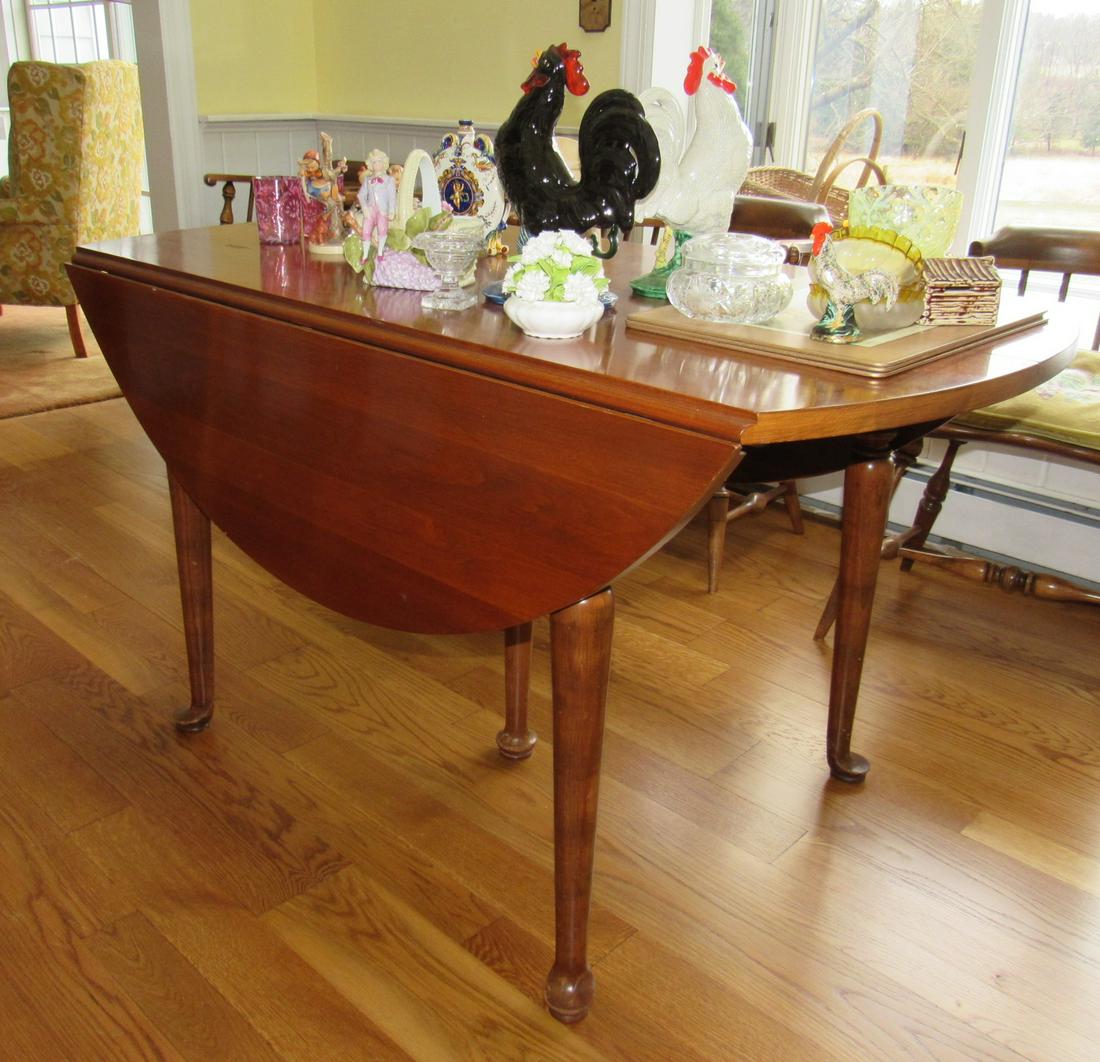 Style Drop Leaf Table w/ Queen Anne Legs: Apprx 29" (closed) x 53" . Comes with 3 leaves and table pad. Does not include items on it
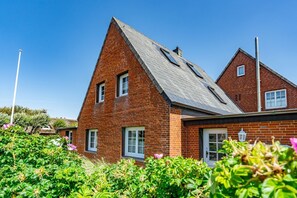 A two-story brick house with a steeply pitched roof, a chimney, and a small attached garage. - Strandberg II - 3-room apartment for up to 4 people - only 400 meters to the beach (Sylt)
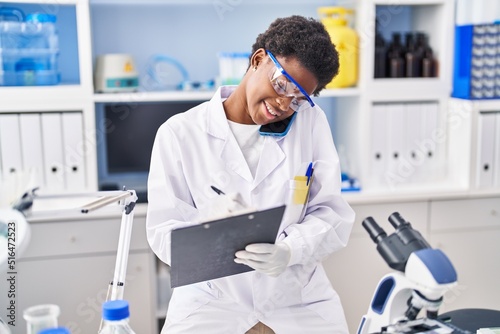 African american woman wearing scientist uniform talking on the smartphone write on clipboard at laboratory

● ● ● ●

Make an exact copy of the listing, with no images in it.

The completed task:
 Style Drop Leaf Table w/ Queen Anne Legs: Apprx 29" (closed) x 53" . Comes with 3 leaves and table pad. Does not include items on it
 A two-story brick house with a steeply pitched roof, a chimney, and a small attached garage. - Strandberg II - 3-room apartment for up to 4 people - only 400 meters to the beach (Sylt)
 African american woman wearing scientist uniform talking on the smartphone write on clipboard at laboratory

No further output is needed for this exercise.